* [EXERCISE AIM]: Please find the line that holds "ZUMZ Long Term Analysis for December 18 2024 ZUMZ" below and reproduce it, along with every line after it through the end, exactly and without pictures.

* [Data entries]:
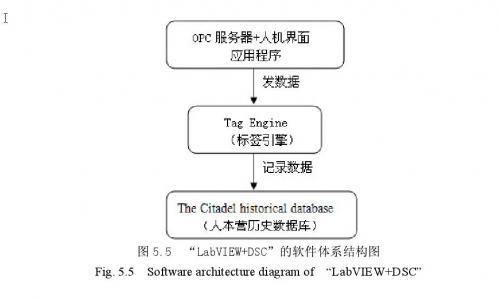 软件体系结构图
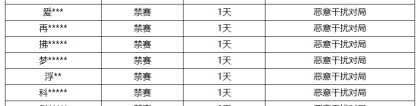 《王者荣耀》11月8日恶意干扰对局专项打击公告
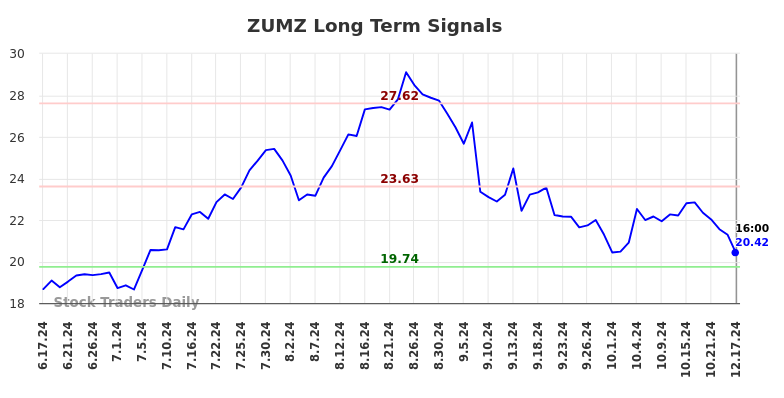 ZUMZ Long Term Analysis for December 18 2024 ZUMZ Long Term Analysis for December 18 2024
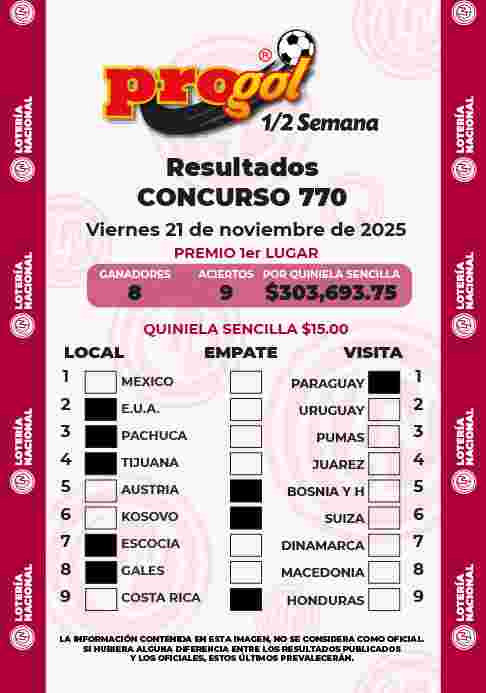 Resultados del Progol media Semana del Viernes 21 de Noviembre de 2025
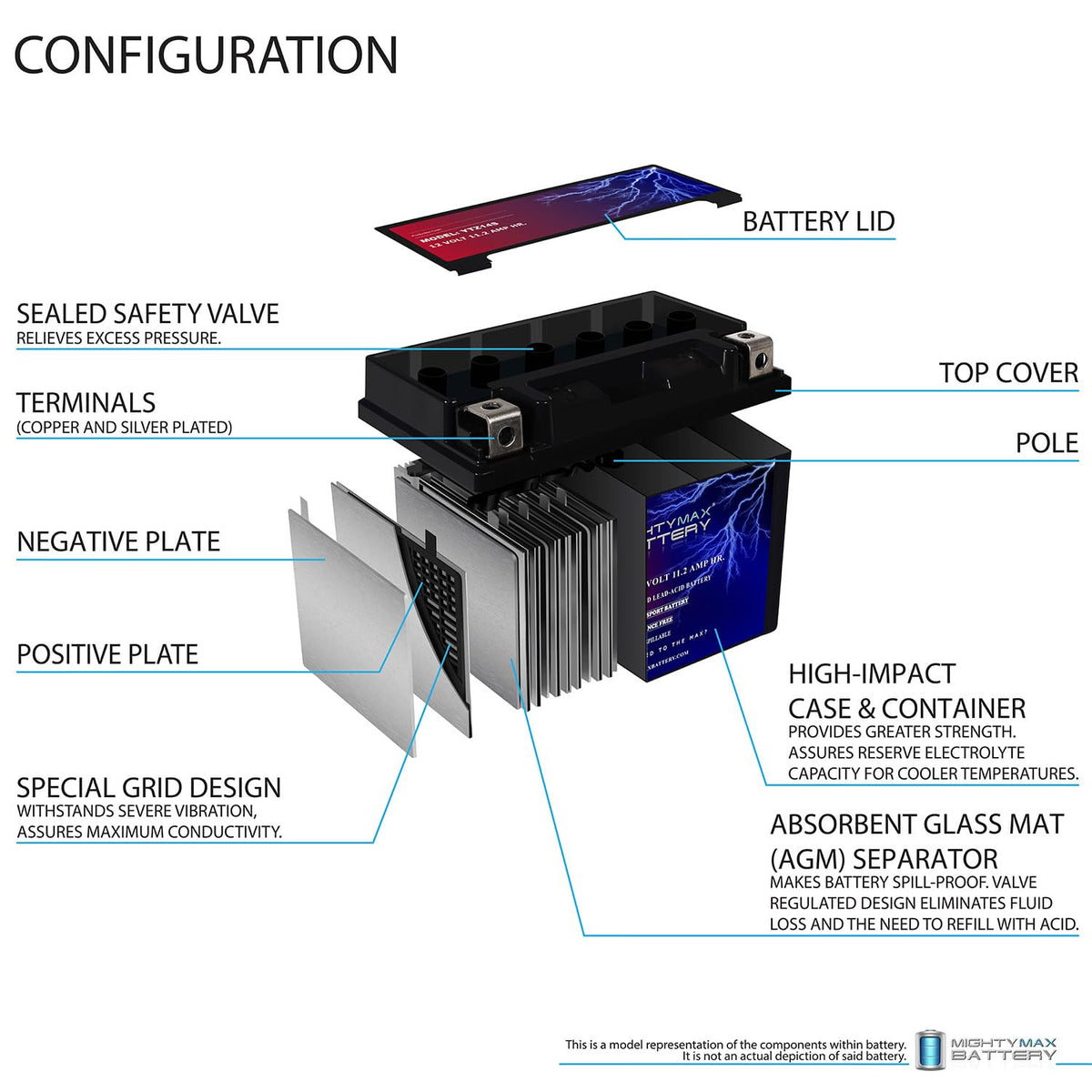 12V 11.2Ah Battery W474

* [ANSWER BOX]:
 ZUMZ Long Term Analysis for December 18 2024 ZUMZ Long Term Analysis for December 18 2024
 Resultados del Progol media Semana del Viernes 21 de Noviembre de 2025
 12V 11.2Ah Battery W474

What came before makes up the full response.